As a new shooter I was lucky enough to know somebody who owned a Weatherby Rifle in .460 Weatherby Magnum, now this is one of the more powerful of the African Dangerous Game loads, and the Rifle was a safari gun, not a bench gun so while not feather-light, it wasn’t a gun you wouldn’t be able to lug across the veldt of Africa. It kicked, and was a challenge to shoot…but that rifle paled in comparison to a simple Winchester 12 Gage loaded with #00 Buckshot. Think about that for a second, the .460 a skilled hunter can kill an African Bull Elephant weighing in at maybe 8 tons at over 200 yards with a single shot….meanwhile that 12 Gauge #00 buck is typically deployed against white-tailed deer weighing in generally under 175lbs at ranges inside of 50 yards. Heck Zercool has hunted turkey with an 870 Magnum shooting 3.5″ shells holding 2oz of turkey shot, and that gun is downright unpleasant to shoot, and he’s using that against fucking BIRDS.

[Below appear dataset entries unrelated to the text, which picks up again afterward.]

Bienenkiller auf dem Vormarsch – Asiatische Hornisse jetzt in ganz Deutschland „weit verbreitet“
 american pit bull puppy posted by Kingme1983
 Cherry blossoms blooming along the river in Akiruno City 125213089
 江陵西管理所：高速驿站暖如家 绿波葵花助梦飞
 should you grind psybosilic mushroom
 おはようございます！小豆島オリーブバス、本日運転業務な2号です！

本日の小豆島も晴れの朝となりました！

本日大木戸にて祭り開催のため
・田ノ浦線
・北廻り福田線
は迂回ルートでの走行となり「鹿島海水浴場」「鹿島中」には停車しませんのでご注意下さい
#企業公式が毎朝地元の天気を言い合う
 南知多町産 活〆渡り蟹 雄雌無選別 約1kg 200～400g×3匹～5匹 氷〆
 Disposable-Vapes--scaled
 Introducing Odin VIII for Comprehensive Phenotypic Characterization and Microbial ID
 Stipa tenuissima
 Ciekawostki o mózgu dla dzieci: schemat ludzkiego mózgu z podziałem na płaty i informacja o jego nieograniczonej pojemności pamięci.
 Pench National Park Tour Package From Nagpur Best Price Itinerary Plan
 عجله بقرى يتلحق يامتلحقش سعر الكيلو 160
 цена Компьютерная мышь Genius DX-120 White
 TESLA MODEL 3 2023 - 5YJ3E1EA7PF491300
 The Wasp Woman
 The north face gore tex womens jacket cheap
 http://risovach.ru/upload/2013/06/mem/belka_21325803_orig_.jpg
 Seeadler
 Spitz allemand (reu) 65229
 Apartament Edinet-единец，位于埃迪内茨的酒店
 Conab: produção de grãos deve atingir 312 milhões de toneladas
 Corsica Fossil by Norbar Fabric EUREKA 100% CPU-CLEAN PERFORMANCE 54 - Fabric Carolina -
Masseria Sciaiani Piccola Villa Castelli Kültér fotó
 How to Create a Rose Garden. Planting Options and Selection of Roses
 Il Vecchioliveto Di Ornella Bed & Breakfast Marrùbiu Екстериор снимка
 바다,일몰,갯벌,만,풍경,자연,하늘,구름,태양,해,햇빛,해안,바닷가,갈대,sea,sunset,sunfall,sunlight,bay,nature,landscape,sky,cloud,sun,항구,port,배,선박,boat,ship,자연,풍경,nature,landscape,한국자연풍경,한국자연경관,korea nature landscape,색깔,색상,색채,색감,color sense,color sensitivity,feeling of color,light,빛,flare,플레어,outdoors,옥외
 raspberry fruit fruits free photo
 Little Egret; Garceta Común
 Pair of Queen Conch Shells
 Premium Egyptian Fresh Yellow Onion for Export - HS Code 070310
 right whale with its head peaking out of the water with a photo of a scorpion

Meanwhile my FAL weighs about the same as my Mossberg 590 Trench gun, holds 20 rounds to the Mossy’s 8 (which is in a “High-capacity” extended magazine), and I can land shots on a man-sized silhouette at 100 yards offhand without really trying and using cheap steel-cased factory practice ammo. Also while skilled shotgunners can top off their magazines scary fast with practice, I can stuff a fresh box of 20 into my FAL at an unimpressive speed before they’ve managed to stuff 8 new shells into their tube.

As I said over at Borepatch’s place Overall If I’m in need, I’ll be reaching for a handgun to fight to my rifle, and if I ever need to leave my home in times of extreme danger I’ll grab my archaic SKS rifle before I bother to cart the Scatter-gun around.

Now that’s not to say that shotguns suck. Logistically they’re pretty awesome as in situations where an angry mob or home invaders needs to be fired upon, chances are they won’t be wearing body armor (even soft body armor rated for pistol shot will generally defeat buckshot) and they won’t be sticking around for you to run your tube dry, let alone wait for you to reload, and a solid hit with #00 buck generally is seen as one of the best one-shot-stoppers out there.

Still I just think a rifle runs better, so I’ll be sticking with that.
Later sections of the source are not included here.